**Activity:** Repeat every line of the data exactly; no picture belongs in the copy.

Crawled caption data

━━━━━━━━━━

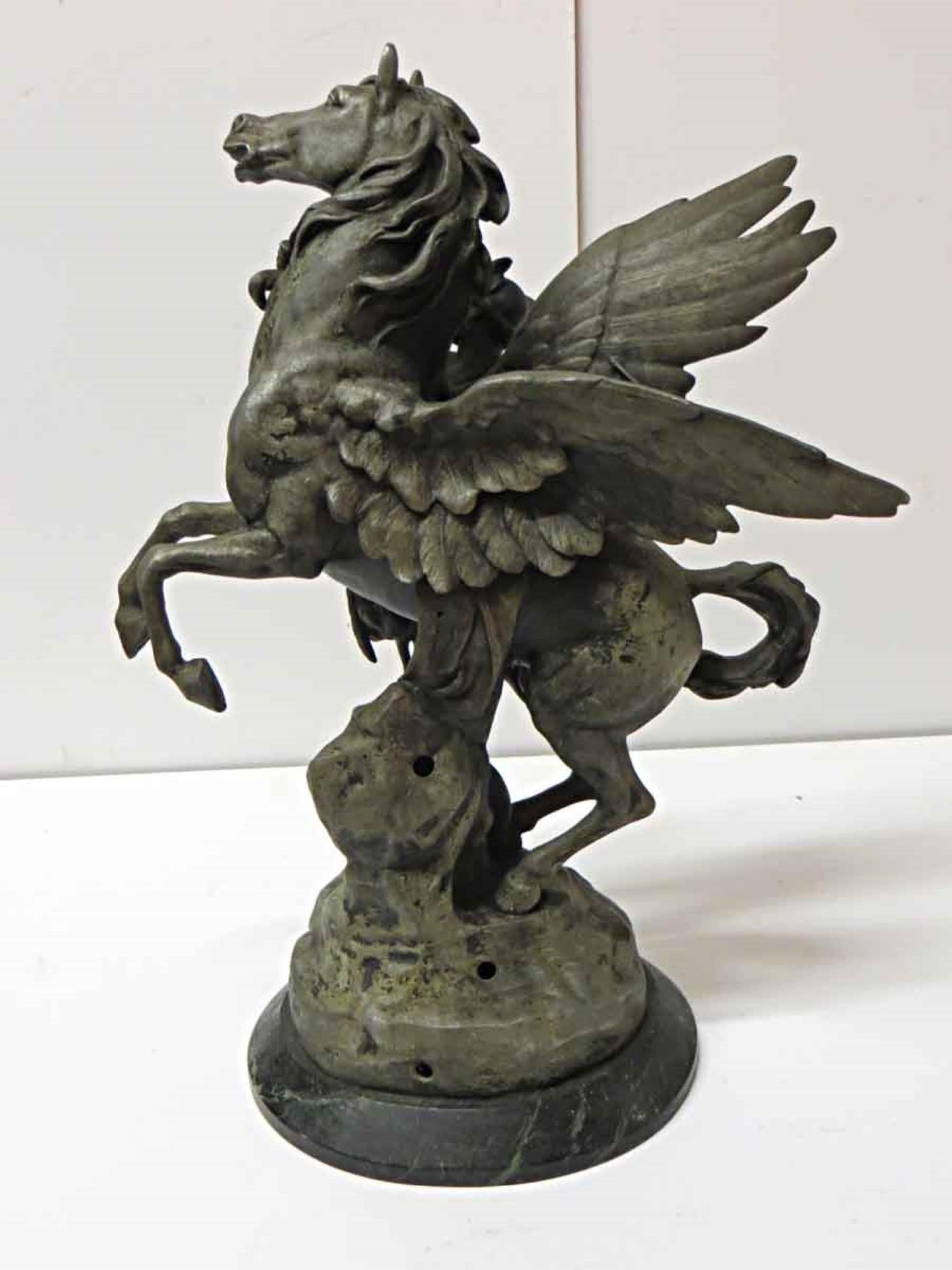 Late 20th Century Replica of the Original 1888 French Statue Entitled Perseus and Pegasus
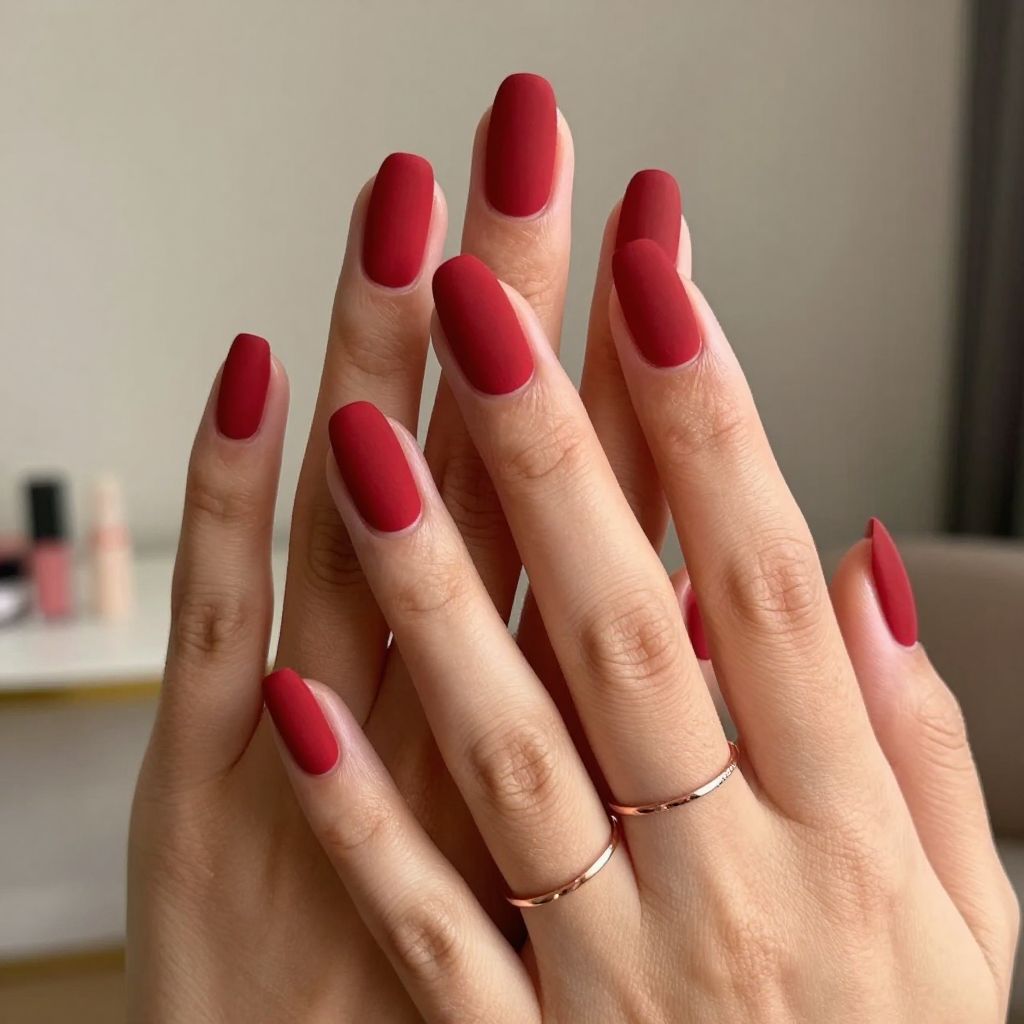 Matte Scarlet Drama
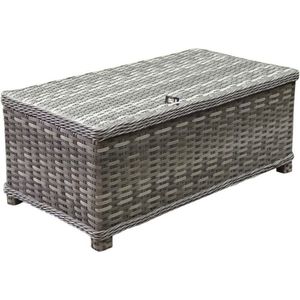 Kreta lounge tuintafel 105x57xH42 cm grijs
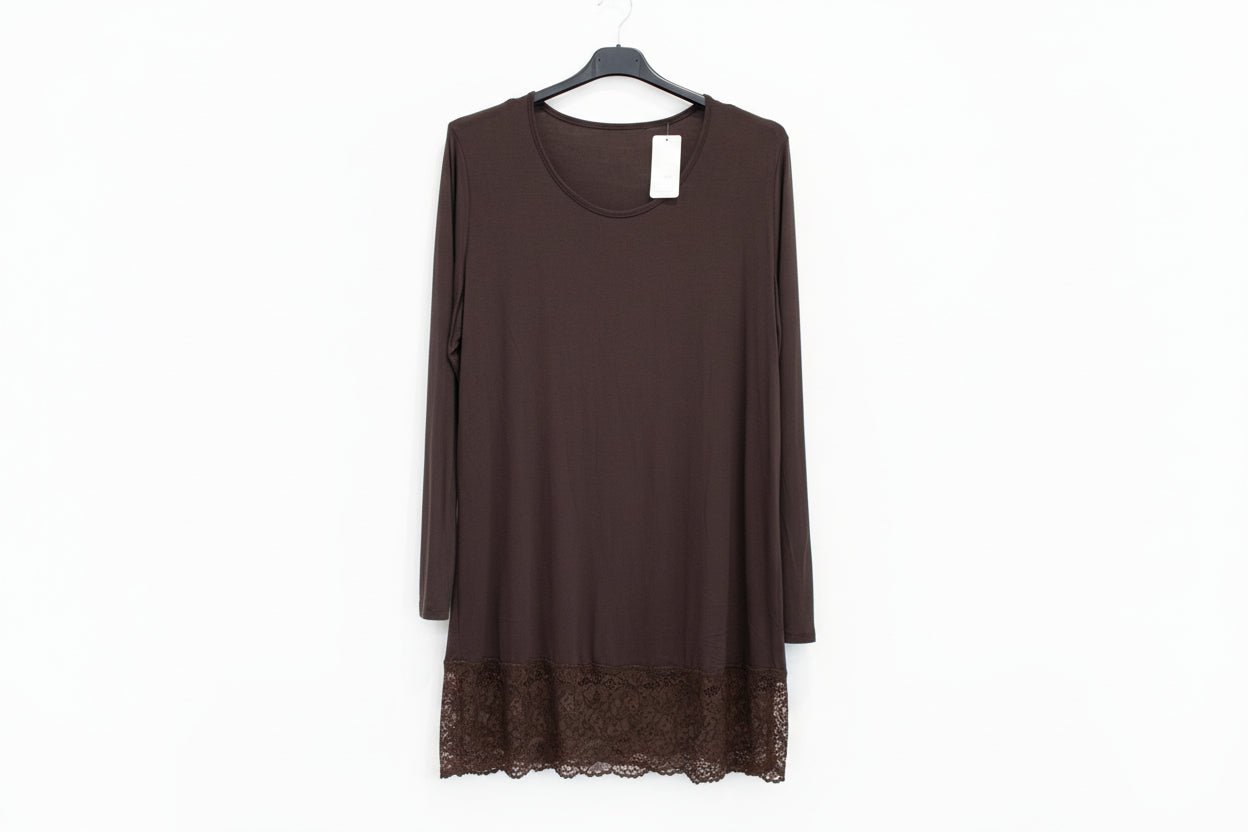 Maxi Maglia Pizzo manica lunga - Prima Fila Moda Curvy
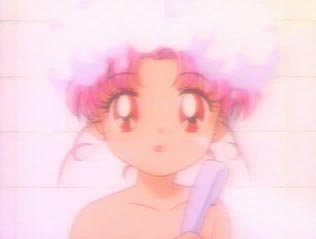 Chibi Usa Bathing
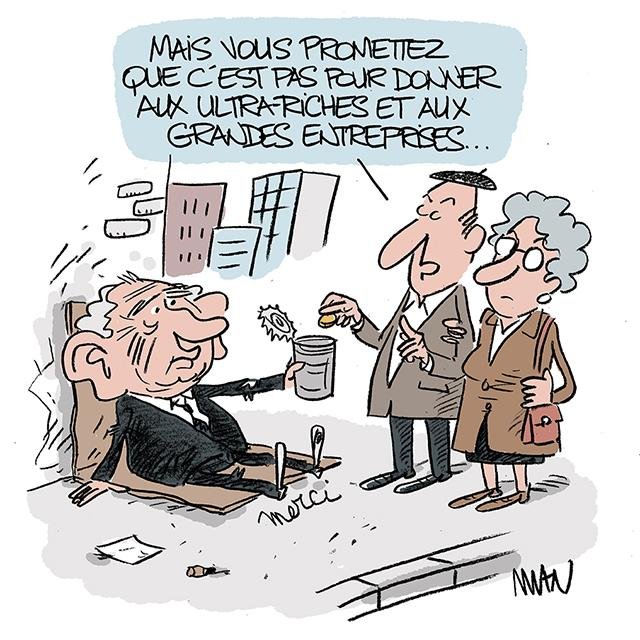 Dessin de presse : Dette presse : Dette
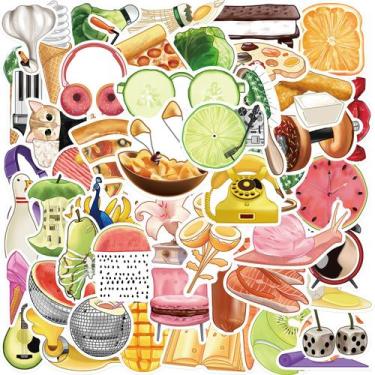 Imagem de Adesivos de frutas, decalques de grafite à prova d'água, 50 unidades p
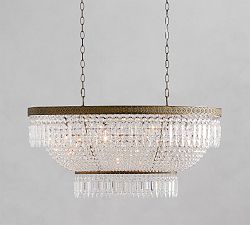 Scarlett Crystal Oval Chandelier (24")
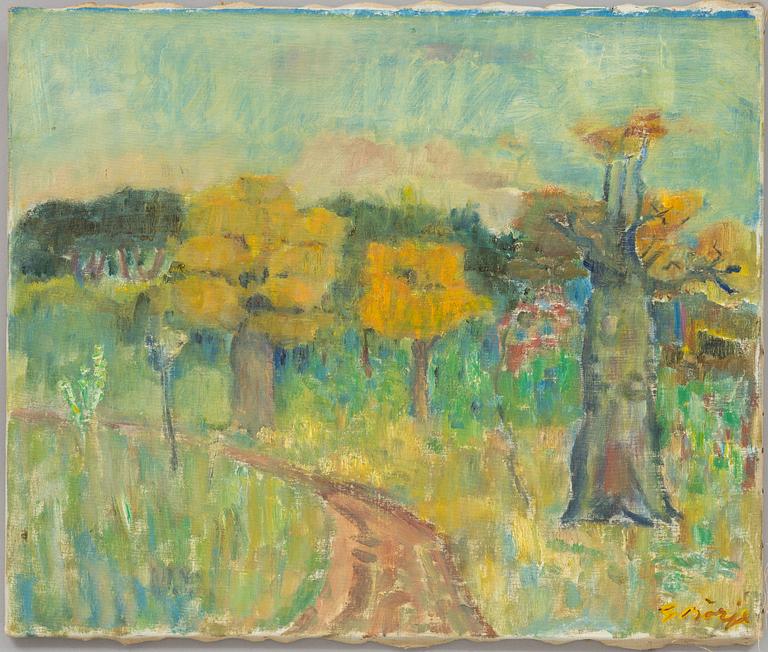 Gideon Börje, Landscape with Trees.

━━━━━━━━━━

**Result of the exercise:**
 Late 20th Century Replica of the Original 1888 French Statue Entitled Perseus and Pegasus
 Matte Scarlet Drama
 Kreta lounge tuintafel 105x57xH42 cm grijs
 Maxi Maglia Pizzo manica lunga - Prima Fila Moda Curvy
 Chibi Usa Bathing
 Dessin de presse : Dette presse : Dette
 Imagem de Adesivos de frutas, decalques de grafite à prova d'água, 50 unidades p
 Scarlett Crystal Oval Chandelier (24")
 Gideon Börje, Landscape with Trees.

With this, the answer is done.